My impression, though, is that some of the other branches of rationality in the post are very helpful for self-modifying in a manner you’re less likely to regret. Philosophy always holds dangers, but a person approaching the question of “What goals shall I choose?”, and encountering confusing information that may affect what he wants (e.g., encountering arguments in meta-ethics, or realizing his religion is false, or realizing he might be able to positively or negatively affect a disorienting number of lives) will be much better off if he already has good self-knowledge and has accepted that his current state is his current state (vs. if he wants desperately to maintain that, say, he doesn’t care about status and that only utilitarian expected-global-happiness-impacts affect his behavior -- a surprisingly common nerd failure mode).

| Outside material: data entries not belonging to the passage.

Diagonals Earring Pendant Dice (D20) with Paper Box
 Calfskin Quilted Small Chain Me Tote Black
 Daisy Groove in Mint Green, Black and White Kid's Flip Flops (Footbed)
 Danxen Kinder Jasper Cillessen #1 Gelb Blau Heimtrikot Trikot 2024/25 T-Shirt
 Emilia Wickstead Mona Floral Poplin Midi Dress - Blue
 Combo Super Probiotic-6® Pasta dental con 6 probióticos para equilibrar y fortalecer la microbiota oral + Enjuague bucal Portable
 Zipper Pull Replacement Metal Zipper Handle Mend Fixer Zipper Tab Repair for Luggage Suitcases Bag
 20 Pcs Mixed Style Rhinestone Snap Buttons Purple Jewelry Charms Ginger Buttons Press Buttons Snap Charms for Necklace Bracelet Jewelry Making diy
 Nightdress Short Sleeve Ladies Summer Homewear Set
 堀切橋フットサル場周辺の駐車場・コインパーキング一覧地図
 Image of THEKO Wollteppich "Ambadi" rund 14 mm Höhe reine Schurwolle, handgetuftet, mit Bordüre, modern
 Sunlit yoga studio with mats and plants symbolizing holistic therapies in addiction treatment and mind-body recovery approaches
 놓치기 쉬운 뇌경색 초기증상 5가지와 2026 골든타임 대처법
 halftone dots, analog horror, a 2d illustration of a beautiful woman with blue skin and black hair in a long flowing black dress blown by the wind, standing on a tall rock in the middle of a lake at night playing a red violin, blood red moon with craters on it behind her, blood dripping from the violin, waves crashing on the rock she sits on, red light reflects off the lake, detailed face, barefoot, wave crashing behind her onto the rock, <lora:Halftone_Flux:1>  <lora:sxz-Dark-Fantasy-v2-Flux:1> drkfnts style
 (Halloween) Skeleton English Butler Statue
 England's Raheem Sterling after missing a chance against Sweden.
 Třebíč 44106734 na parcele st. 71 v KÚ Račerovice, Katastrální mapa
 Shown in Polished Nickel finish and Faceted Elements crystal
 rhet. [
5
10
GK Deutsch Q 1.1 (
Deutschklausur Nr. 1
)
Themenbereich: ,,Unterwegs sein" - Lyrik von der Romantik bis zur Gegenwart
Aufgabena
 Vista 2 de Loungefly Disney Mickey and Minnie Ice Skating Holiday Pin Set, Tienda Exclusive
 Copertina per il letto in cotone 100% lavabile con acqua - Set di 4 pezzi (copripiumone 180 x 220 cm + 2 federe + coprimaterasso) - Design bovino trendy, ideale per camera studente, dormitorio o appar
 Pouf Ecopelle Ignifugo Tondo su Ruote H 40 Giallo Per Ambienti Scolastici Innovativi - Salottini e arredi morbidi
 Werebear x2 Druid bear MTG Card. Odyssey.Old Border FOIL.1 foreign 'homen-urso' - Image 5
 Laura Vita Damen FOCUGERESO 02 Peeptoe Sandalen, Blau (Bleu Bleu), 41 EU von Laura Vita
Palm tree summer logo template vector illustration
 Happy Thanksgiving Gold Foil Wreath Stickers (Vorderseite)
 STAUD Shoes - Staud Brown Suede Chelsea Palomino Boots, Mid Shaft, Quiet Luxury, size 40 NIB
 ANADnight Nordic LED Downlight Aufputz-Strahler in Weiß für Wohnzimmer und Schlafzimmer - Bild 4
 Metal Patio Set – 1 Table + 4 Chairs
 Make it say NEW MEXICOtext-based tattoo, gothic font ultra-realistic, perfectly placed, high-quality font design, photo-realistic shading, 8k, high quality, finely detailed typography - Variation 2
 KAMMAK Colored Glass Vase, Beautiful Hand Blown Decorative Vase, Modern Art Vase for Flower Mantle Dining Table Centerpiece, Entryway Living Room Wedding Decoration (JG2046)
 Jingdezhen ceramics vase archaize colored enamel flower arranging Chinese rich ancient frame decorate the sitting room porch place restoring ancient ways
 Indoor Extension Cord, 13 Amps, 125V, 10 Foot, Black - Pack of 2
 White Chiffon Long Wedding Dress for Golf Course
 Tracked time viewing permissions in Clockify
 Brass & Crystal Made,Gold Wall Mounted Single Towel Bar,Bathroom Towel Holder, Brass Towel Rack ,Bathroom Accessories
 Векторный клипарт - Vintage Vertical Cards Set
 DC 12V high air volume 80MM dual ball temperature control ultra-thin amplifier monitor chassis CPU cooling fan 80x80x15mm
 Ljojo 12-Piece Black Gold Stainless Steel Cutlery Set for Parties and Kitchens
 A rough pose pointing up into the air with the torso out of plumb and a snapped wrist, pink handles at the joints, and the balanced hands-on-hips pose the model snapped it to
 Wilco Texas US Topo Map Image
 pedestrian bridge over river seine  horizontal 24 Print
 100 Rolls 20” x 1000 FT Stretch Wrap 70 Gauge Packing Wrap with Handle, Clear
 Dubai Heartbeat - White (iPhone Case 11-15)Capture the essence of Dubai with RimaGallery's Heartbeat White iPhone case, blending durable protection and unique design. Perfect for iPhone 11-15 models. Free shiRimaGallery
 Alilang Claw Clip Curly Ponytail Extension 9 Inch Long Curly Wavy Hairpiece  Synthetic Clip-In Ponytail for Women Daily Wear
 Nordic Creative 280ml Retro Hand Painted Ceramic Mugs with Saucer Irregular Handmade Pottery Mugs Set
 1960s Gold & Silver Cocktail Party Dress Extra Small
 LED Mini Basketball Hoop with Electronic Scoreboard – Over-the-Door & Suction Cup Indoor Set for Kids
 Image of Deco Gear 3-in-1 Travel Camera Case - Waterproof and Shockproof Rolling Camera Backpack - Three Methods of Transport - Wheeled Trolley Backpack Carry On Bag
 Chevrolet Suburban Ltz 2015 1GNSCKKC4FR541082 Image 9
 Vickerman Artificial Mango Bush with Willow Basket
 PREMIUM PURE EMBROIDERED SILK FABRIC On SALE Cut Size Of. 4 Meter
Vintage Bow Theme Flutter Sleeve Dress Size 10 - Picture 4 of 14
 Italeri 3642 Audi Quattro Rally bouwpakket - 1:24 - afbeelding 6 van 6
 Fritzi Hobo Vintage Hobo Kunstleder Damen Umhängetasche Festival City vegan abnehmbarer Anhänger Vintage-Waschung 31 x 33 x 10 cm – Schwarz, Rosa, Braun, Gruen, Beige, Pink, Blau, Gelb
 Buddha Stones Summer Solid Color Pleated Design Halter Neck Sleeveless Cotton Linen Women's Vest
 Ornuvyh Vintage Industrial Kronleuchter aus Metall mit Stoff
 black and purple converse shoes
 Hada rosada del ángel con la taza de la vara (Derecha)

I don’t know how to extrapolate the preferences of myself or other people either, but my guess is, while further theoretical work is critical, it’ll be easier to do this work in a non-insane fashion in the context of a larger, or more whole-personed, rationality. What are your thoughts here?
I don't think regret is the concern here... Your future self might be perfectly happy making paperclips. I almost think "not wanting your preferences changed" deserves a new term...Hmm, "pre-gret"?
Upvoted for 'pregret.'
I like to imagine another copy of my mind watching what I'm becoming, and being pleased. If I can do that, then I feel good about my direction.
You will find people who are willing to bite the "I won't care when I'm dead" bullet, or at least claim to - it's probably just the abstract rule-based part of them talking.
Useful concept, bad example.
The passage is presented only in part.